One could argue that Jacksonville’s less-than-stellar reputation in pop culture —  think cultural backwater populated by hillbillies, a city that couldn’t supply enough hotel rooms at the 2005 Super Bowl — has worked in its favor, with residents enjoying a pleasant and affordable quality of life in a river-and-ocean city well below the radar. 

But Jacksonville’s affordable real estate has been discovered, and the city’s sales and rental markets are showing some resilience while other hot markets across the country slow amid steeper borrowing costs and the highest inflation in 40 years. 

Locals in the know would argue that there is still some runway before prices begin to match those of other in-demand cities, and Jacksonville remains a very good place to invest, provided a buyer is ready to wade into its hyper-competitive market.

The popular TV comedy series “The Good Place,” which ran from 2016-2020, was a relentless basher of Jacksonville. One of the show’s main characters, Jason, played by Manny Jacinto, was from the city, and his many misadventures provided ample fodder to fan the city’s reputation as profoundly backwards — in the classic hillbilly tradition. 

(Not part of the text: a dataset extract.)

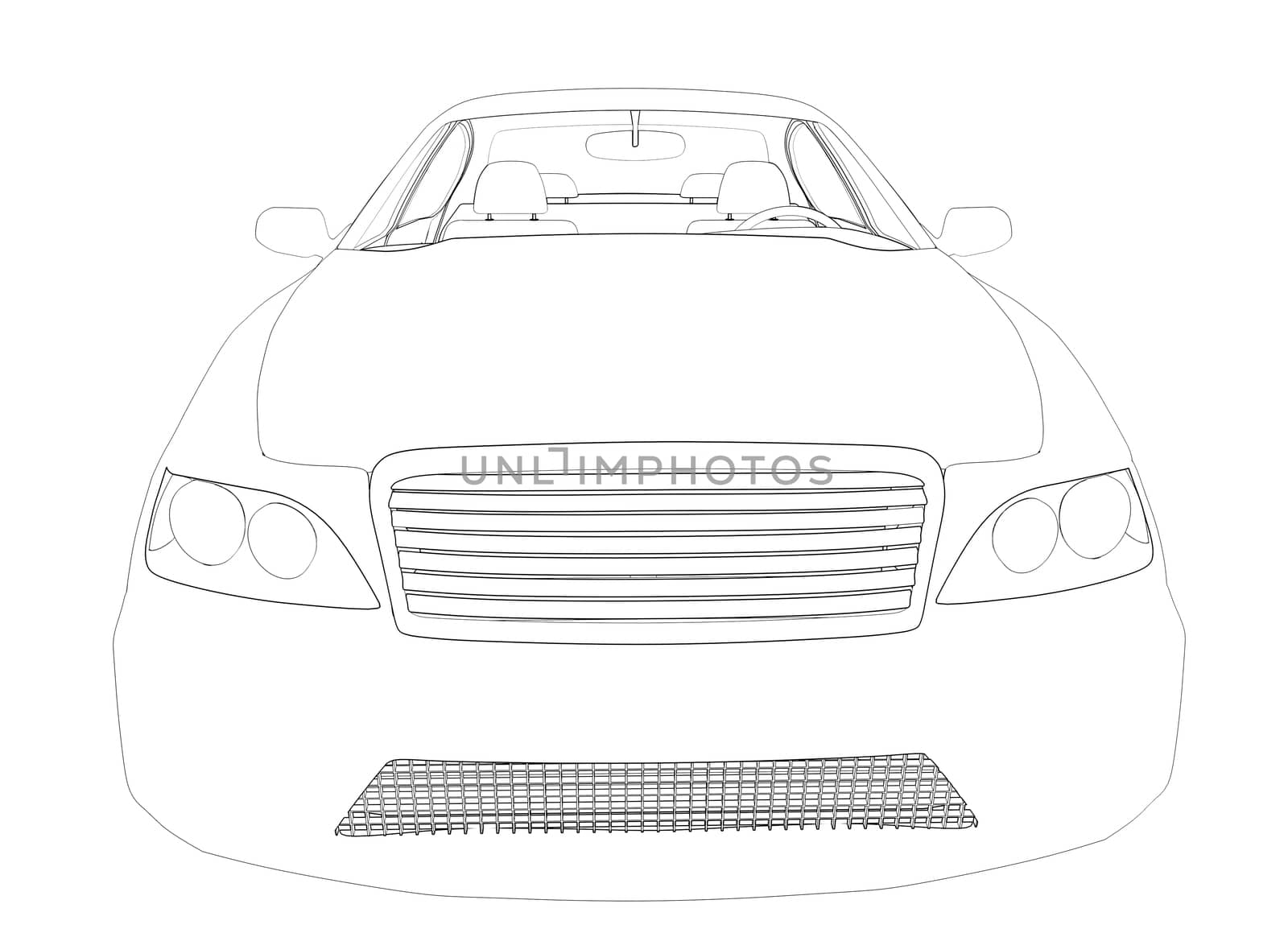 Graphic design of car model on isolated white background, front view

According to the Tampa Bay Times, which memorialized the end of the series with an entire story about its jokes about the city, the comedy was rife with “one-liners hilariously thrown in to paint Jacksonville as a lawless swamp-city dominated by aspiring DJs and gator wranglers.” 

The lackluster record of the Jacksonville Jaguars (Jason’s favorite team) was, predictably, a part of the running joke, to the point that when the Jags had an uncharacteristically good year in 2018, Jacinto became a kind of local hero.

An underestimated city hits its stride

All kidding aside, the city, and its real estate market, has long been underestimated, and the secret that there are deals to be had here is an open one.

“Jacksonville has been undervalued for a very long time compared to the national numbers,” said Wendy Griffis, a Better Homes & Gardens realtor. “At one point you could buy a beautiful house on the ocean for a million—now that couldn’t happen.” 

According to data from Better Homes & Gardens Real Estate Lifestyles Realty, the dollar volume of closed sales in Northeast Florida went from $9 billion in January of 2021 to over $14 billion in January of 2022. 

  • In June, Jacksonville’s median home listing price was $321,000, up from $255,000, or nearly 26 percent, year over year, (All numbers from 
  • The median sale price was $320,000, upfrom $260,000 in June of 2021, or about 23 percent. 
  • Homes were on the market for a median 44 days in June, down from 47 days year-over-year.
  • Median single family rents rose to $1,709 as of March, up 13.9 percent year-over-year, according to John Burns Real Estate Consulting.

Lisa Pruitt has worked in real estate in the area since 1992, and has witnessed a shift.

“It’s a great place for investors to come in,” she said. “It’s only to the locals that prices seem extremely high because of what we’re used to.”

At the same time, Griffis says the overheated Jacksonville real estate market requires a constantly evolving strategy, with many offers over asking.

Buyers from far-flung places discover Jacksonville

Griffis says that “100 people a week are moving to Jacksonville,” and reports make varying claims that some 600-1,000 people are moving to Florida every day. 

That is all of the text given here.